In resignation the, I surrender to the saints and the professor of the skins.

Given this dat, hyght above, by the hand of the signatee below. Nihil obstat. Imprimatur. Nertz![3]

Roberto el labio
*     *     *

Dear Norman:

I have separated the above report on the state of my physical body from the rest of this, chiefly to confound our biographers—whose existences I do not ever for a moment doubt. If they can dig the styles involved and their sources (I date such biographers about a hundred years hence, a few decades after an Orwellian debacle during which all traces of previous cultures will have vanished ((except our works, of course)) and the language will have degenerated into a series of melodious grunts (((except in the case of a handful of scientists who will by then have uncovered a Rosetta stone enabling such masterworks as Naked and Prescription to be read)))—if they can, I say, they’ll deserve the right to write about us.

To continue.
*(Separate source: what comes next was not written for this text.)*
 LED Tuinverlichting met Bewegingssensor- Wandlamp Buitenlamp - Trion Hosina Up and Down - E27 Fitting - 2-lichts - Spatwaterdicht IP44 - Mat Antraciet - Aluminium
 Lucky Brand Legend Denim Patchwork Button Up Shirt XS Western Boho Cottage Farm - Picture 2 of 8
Apart from all these horrors there is little to report from the Baltimore front. The thing that may amuse you is that Ivan [Von Auw] enclosed a letter from Gollancz[4] in which the dear old boy reports that he turned down the stories in The Fifty-Minute Hour originally because he “came to the conclusion that there was something wrong with the book. I can’t clearly explain my feeling: I think I might perhaps put it, in a Jewish phrase which Lindner will understand, that it was not quite Kosher. Or, to put it in another way, I had the feeling that the investigations had been “done up” a bit—that there were points at which the science merged into fiction.” “But” the dear old boy continues, “I may have been quite wrong—in any event the thing was of fascinating interest—and I should certainly like to get another opinion. So please send the typescript over to me…”
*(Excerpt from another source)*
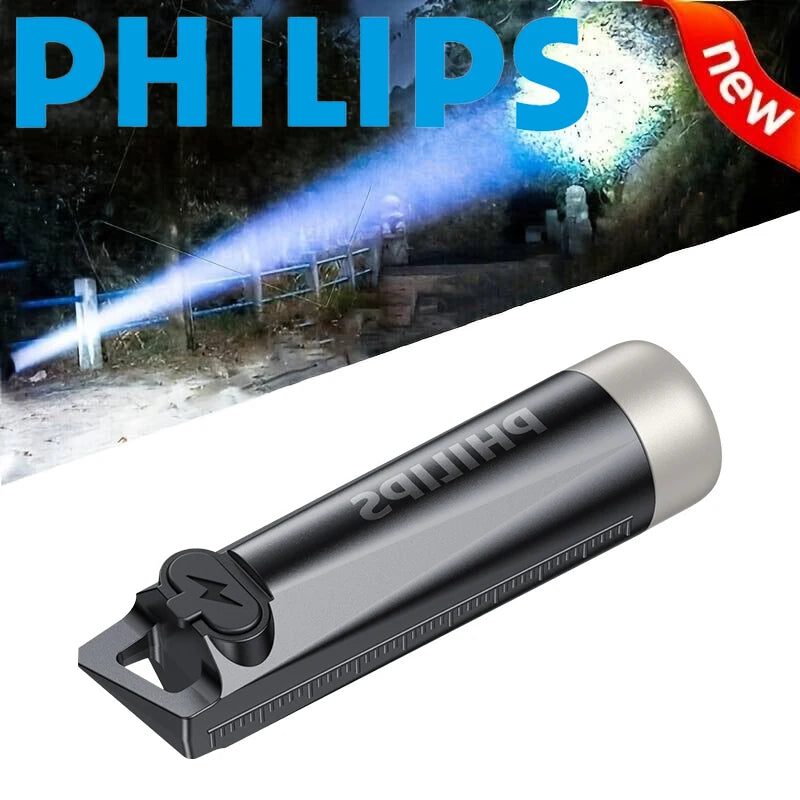 Philips SFL1121 Mini LED Flashlight - Rechargeable EDC Keychain Light for Camping, Hiking, and Everyday Use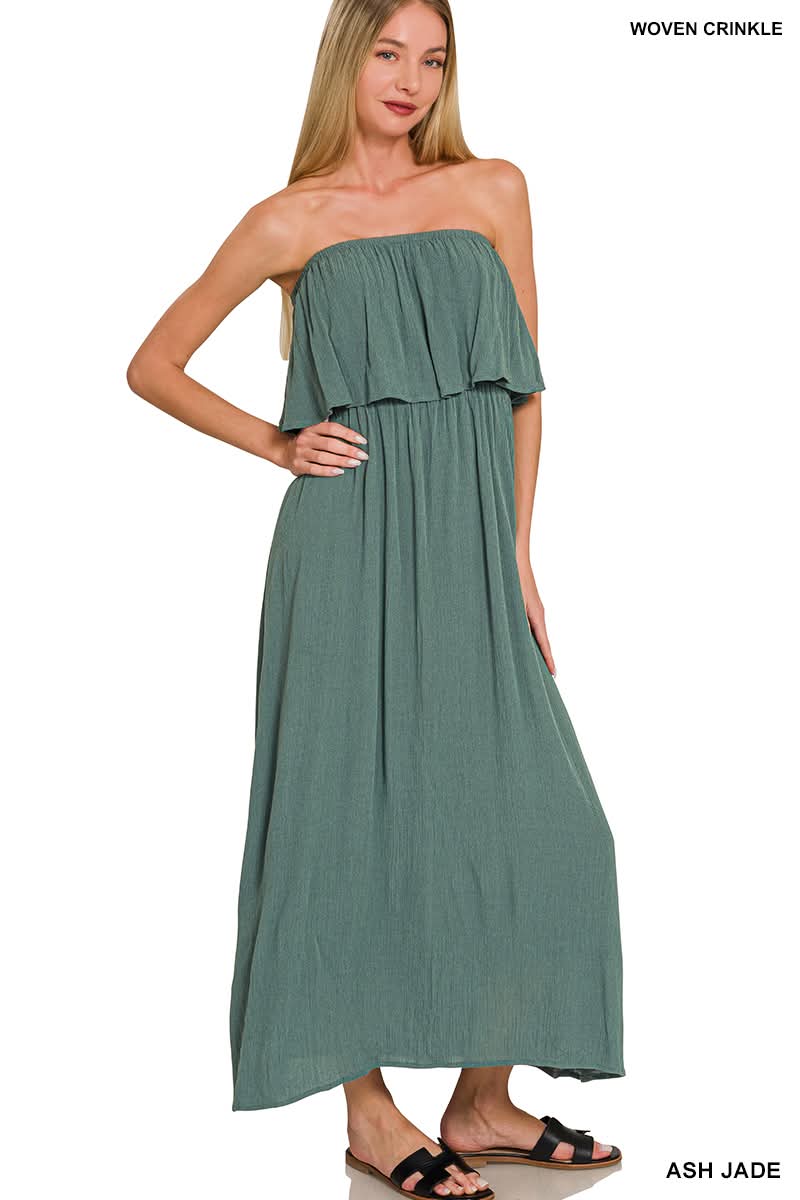Effortless + Easy Strapless Dress in Ash Jade | BOMB BASIC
Apparently the Lerner preface[5] whetted old pip-pip Victor’s appetite again, and we are going to comply with his request for another look-see. In responding to Ivan about this I took the occasion to point out that everything about the stories is true and factual, but that, of course, they have been “fictionalized” to give the necessary dramatic tension. I rather expect that V.G. will decide to buy—but if he doesn’t Ivan assures me that almost anyone else in England will.

So far as the business with Harper’s is concerned, apparently they have not yet completed their mind-making up, and I anticipate that it will be another couple of weeks before we hear from them.

Some further small bit of news is that we went last night to hear Freddie Weisgal play at a local beer joint, to which I will have to take you when you come down again. Before deciding to do this, Freddie came to my office for an off-the-cuff opinion on whether or not his practice would suffer—or his reputation as a lawyer be hurt—but doing this I neglected to point out to Freddie that little damage to his legal reputation would be possible under the most extreme circumstances. However, I did feel he had somewhat of a point. I related the story of the man who complained he had been a tailor 40 years, and no one ever called him Schneider on the streets, yet for “zaging” one little “bein,” the whole world thereafter called him “cocksucker.” Fred got the point.

Soon after you receive this letter I expect that you will be off for Mexico, and I confess to envying you greatly this time of leisure. Me, I will be sweating out a living over a hot couch for another 6 or 7 weeks—and probably nursing my hives—until the first of August. [ . . . ]

Bob



notes

  1. Lindner made up this date, and the fictional place from where he purportedly wrote this comic first part of this letter.
  2. Named.
  3. Nonsense.
  4. A leftwing British publisher and humanitarian, Victor Gollancz (1893-1967) published work by Franz Kafka, Ford Maddox Ford and George Orwell.
  5. Journalist and educator Max Lerner (1902-92) wrote the preface to The Fifty-Minute Hour.